EXERCISE DIRECTIONS:
Below is a block of records; return all of them exactly, but without the images.

+ + + + +

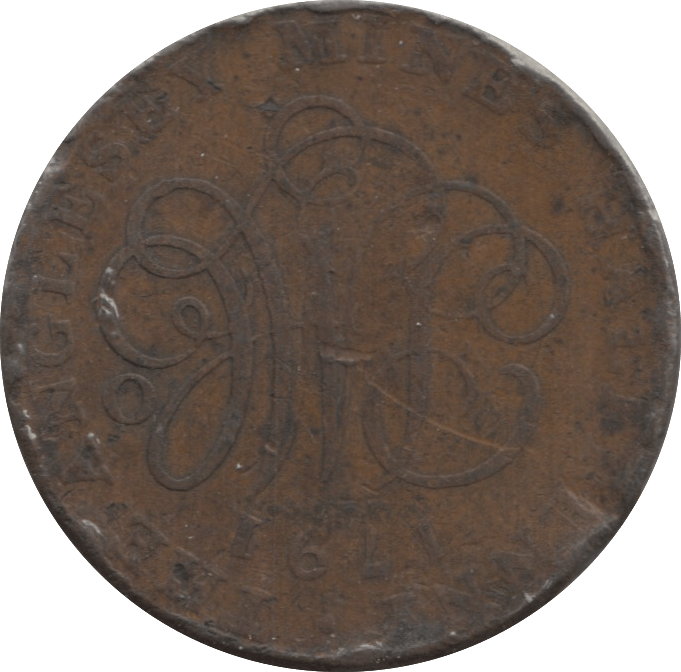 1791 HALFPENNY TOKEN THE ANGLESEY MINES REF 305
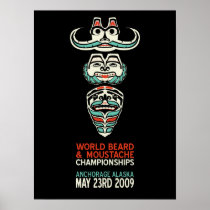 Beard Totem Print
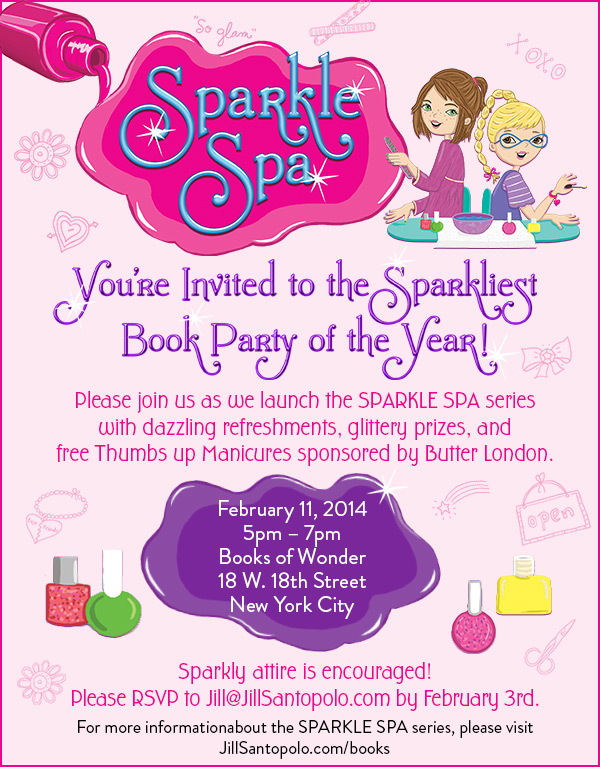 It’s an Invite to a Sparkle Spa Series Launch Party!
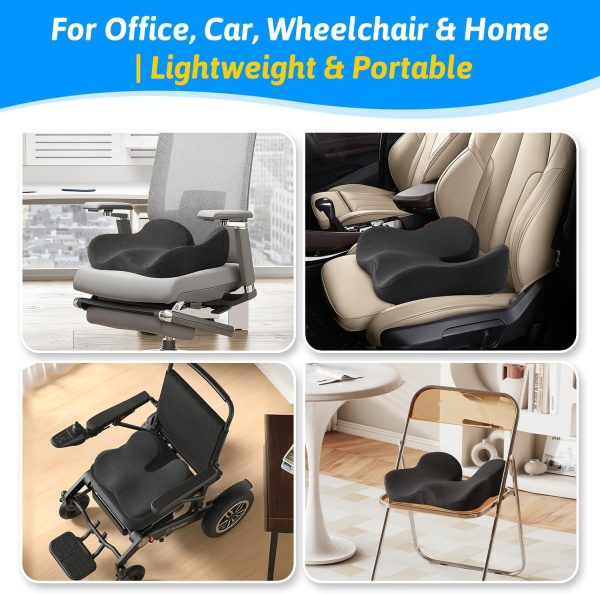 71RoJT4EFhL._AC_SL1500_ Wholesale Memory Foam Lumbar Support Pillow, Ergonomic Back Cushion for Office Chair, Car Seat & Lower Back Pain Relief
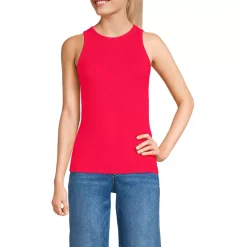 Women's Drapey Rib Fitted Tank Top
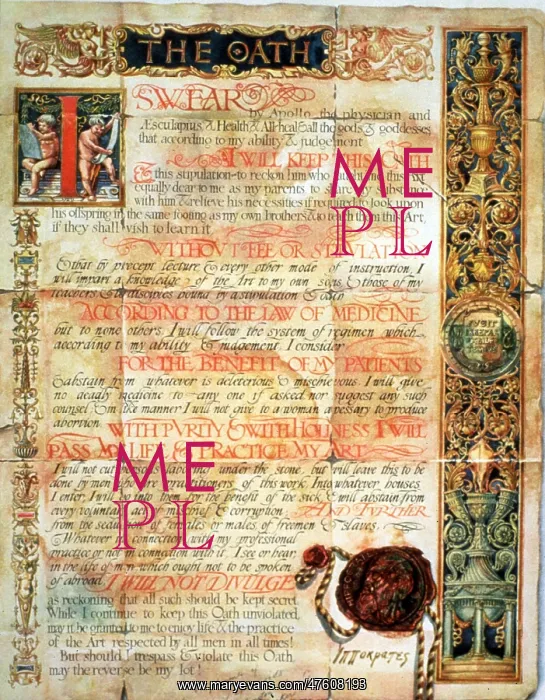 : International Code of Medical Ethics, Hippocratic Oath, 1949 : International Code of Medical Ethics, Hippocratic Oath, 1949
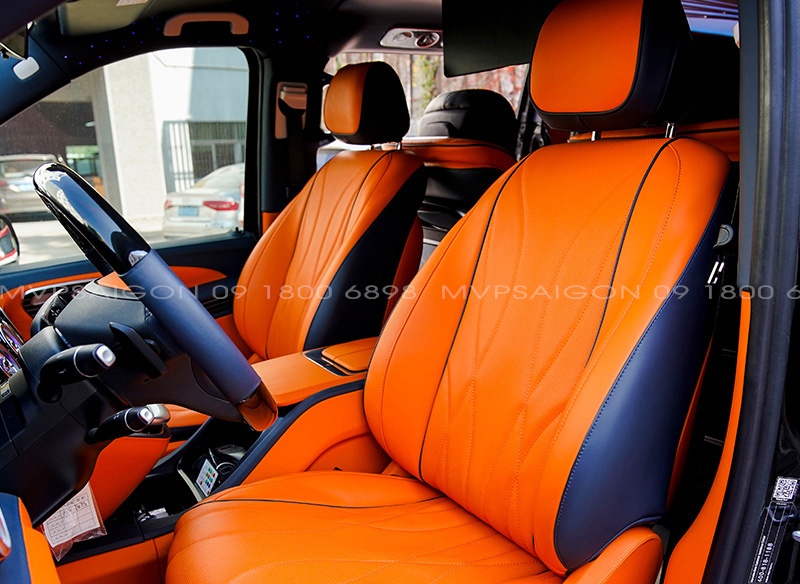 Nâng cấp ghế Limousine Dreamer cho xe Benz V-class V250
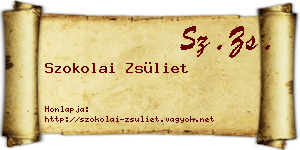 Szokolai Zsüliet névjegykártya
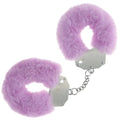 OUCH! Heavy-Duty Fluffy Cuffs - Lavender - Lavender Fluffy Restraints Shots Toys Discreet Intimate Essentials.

+ + + + +

TASK RESPONSE:
 1791 HALFPENNY TOKEN THE ANGLESEY MINES REF 305
 Beard Totem Print
 It’s an Invite to a Sparkle Spa Series Launch Party!
 71RoJT4EFhL._AC_SL1500_ Wholesale Memory Foam Lumbar Support Pillow, Ergonomic Back Cushion for Office Chair, Car Seat & Lower Back Pain Relief
 Women's Drapey Rib Fitted Tank Top
 : International Code of Medical Ethics, Hippocratic Oath, 1949 : International Code of Medical Ethics, Hippocratic Oath, 1949
 Nâng cấp ghế Limousine Dreamer cho xe Benz V-class V250
 Szokolai Zsüliet névjegykártya
 OUCH! Heavy-Duty Fluffy Cuffs - Lavender - Lavender Fluffy Restraints Shots Toys Discreet Intimate Essentials.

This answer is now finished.